On Aug 27, 2005, at 09:09, Jeremias Maerki wrote:
Ok, the shock is gone. Thank you for reassuring me that you know what
you do. That was my biggest concern. I'm happy that you can reuse some
of my code. Finally, someone can use something I wrote to make better
progress. Normally, it's the other way around. :-)
FWIW, I noticed that as well.
So I'm wishing you the best of luck and I will assist where I can.

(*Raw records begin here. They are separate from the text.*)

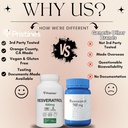 pristines-resveratrol-500mg-75-day-suppl-5.jpg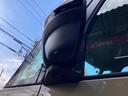 サムネイル10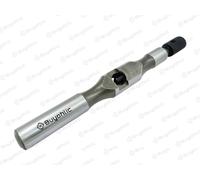 Chiave a rubinetto per rubinetti da 3-10 mm (1/8"-3/8") strumento di filettat...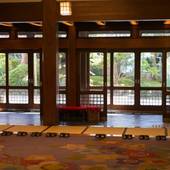 粟津温泉 法師（石川県 旅館） / 2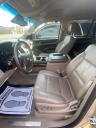 Thumbnail image of 2015 Chevrolet Tahoe at Dublin Auto Sales LLC
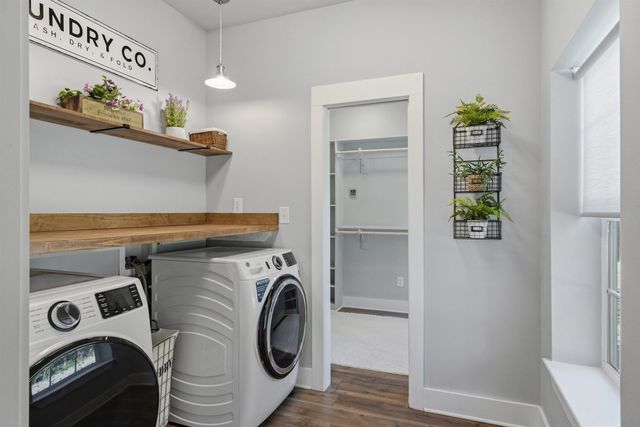 1215 Vz County Road 2120, Canton, TX 75103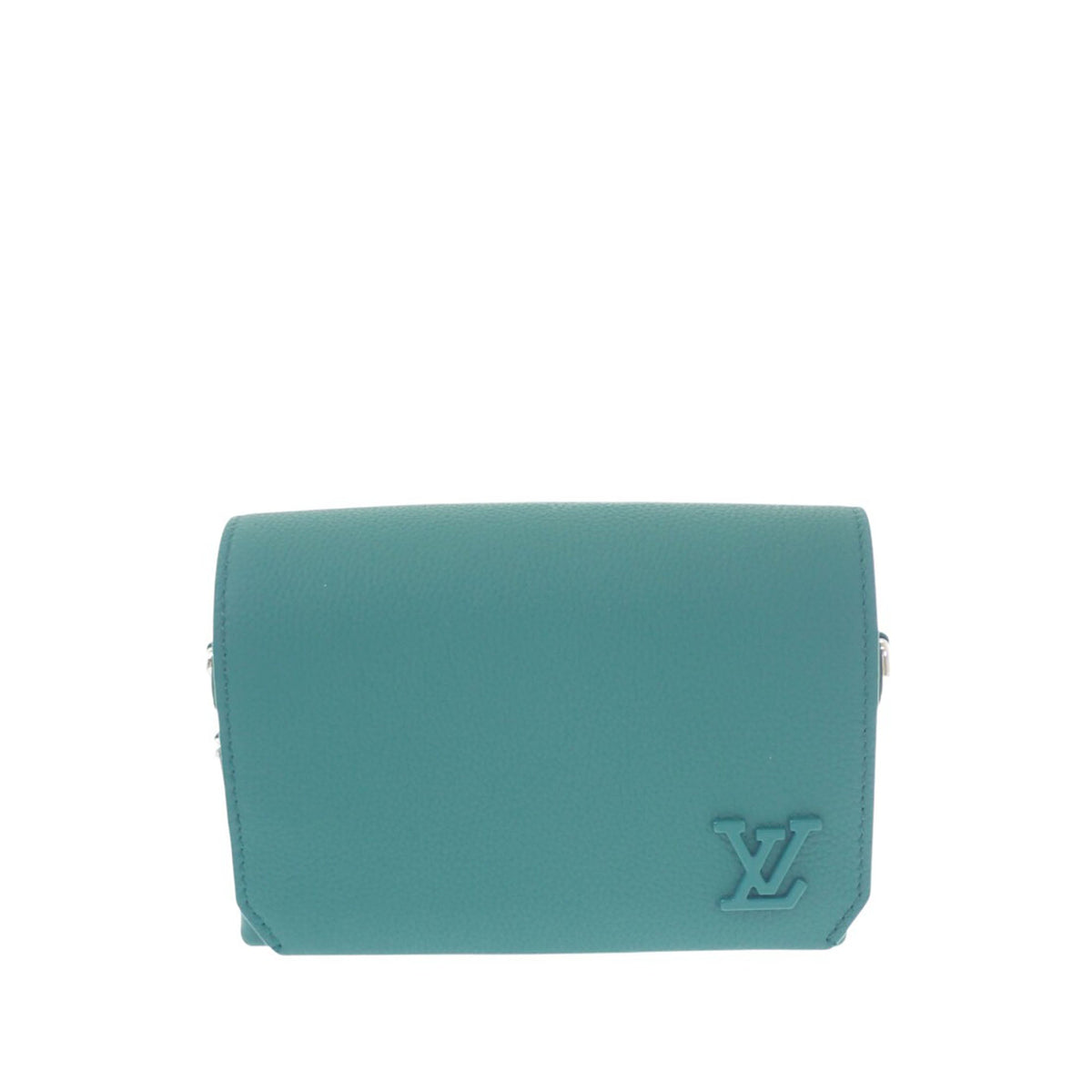 Louis Vuitton Aerogram Fastline Wearable Wallet
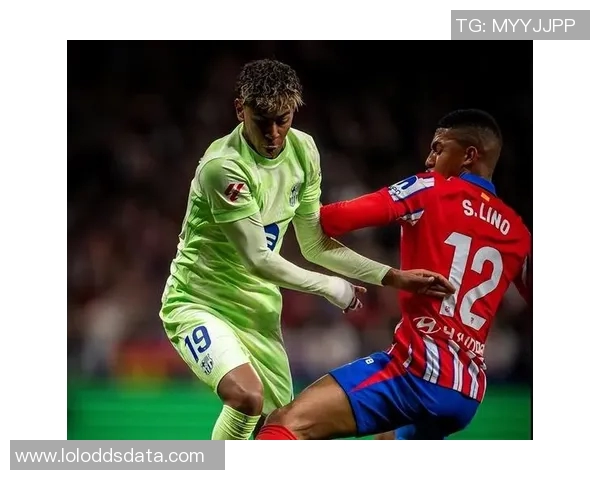 中超激战国米逆转巴萨绝杀瞬间引发争议判罚全场沸腾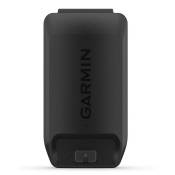 Garmin Aa Battery Pack Noir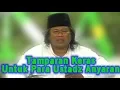Download Lagu Tamparan KERAS Gus Muwafiq Untuk Para Ustadz Anyaran! Pengajian Cerdas Membuka Wawasan \u0026 Akal Sehat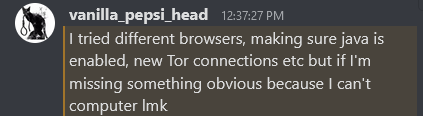 vanilla_pepsi_head2.png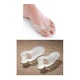 Capezio Bunion Guard BH1048B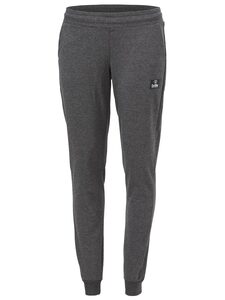 Essence Sweatpants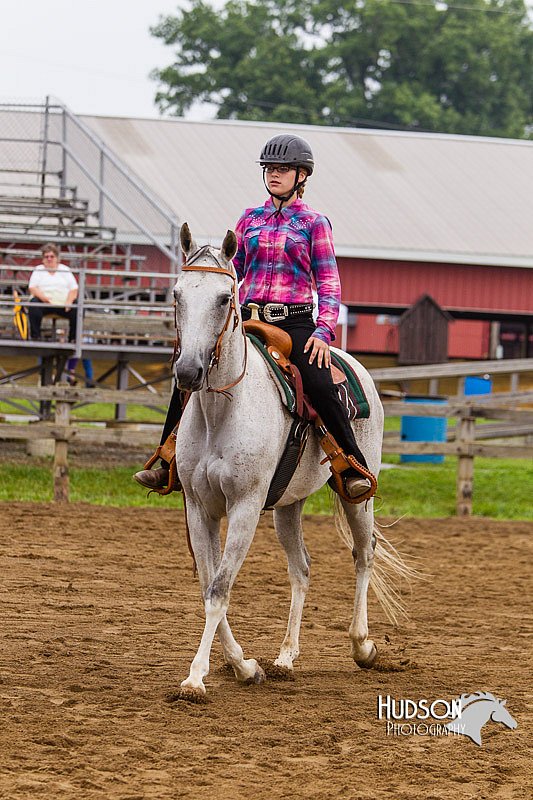 4H-2nd--072813-1712.jpg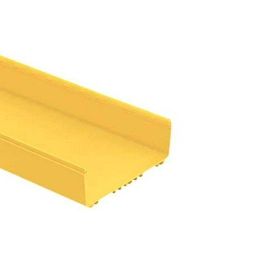 FR12X4YL6 PANDUIT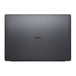 Dell Pro 16 PC16250 | Laptop | Core Ultra 5 225U | 16GB RAM 512GB SSD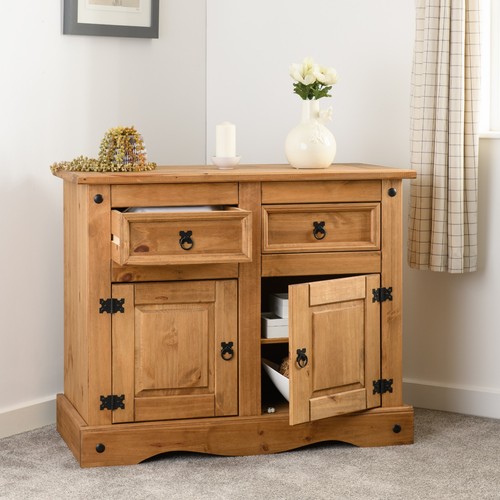 Corona door drawer - 2, 2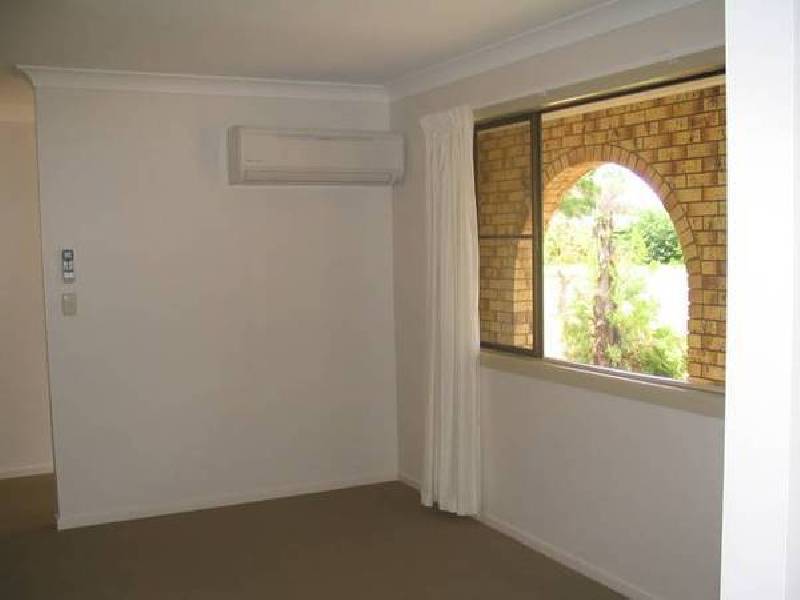 22 Beutel Street, Chinchilla QLD 4413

Thanks. I already have a few remarks, but I'm not sure that you can
offer assistance. This is mainly because there is an inherent
difficulty in that XSL-FO 1.0 refers entirely to CSS for
border-resolution rules, but CSS was written with HTML in mind... It's
all so much simpler if there exists no such thing as page-breaks and
you have to deal with one continuous table. Maybe this issue should be
addressed at W3C? It's understandable that the XSL-FO WG wanted very
much to avoid having to duplicate rules that are already defined in
other Recommendations, but simply pointing to CSS, which was clearly
meant for non-paginated layout, seems to leave too much room for
I'm wondering, for instance, whether the table's before-border specs
are only relevant for the first page that is spanned by the table. For
example: in case the table has a header (and
omit-header-at-break="false"), and the table's before-border wins, then
it can still *appear* on the following pages (but that will be because
it *is* the header's before-border).
Another one to chew on: start from a table without header/footer which
does have multiple bodies. Suppose also that there are no borders
specified on any elements other than the bodies (for the sake of
simplicity). Now, if it turns out that a page-break occurs right in
between the two bodies, does this mean that the later body's
before-border still must be collapsed with the earlier body's
after-border (so in this simplified case the after-border on one page
will *always* be the same as the before-border on the next)?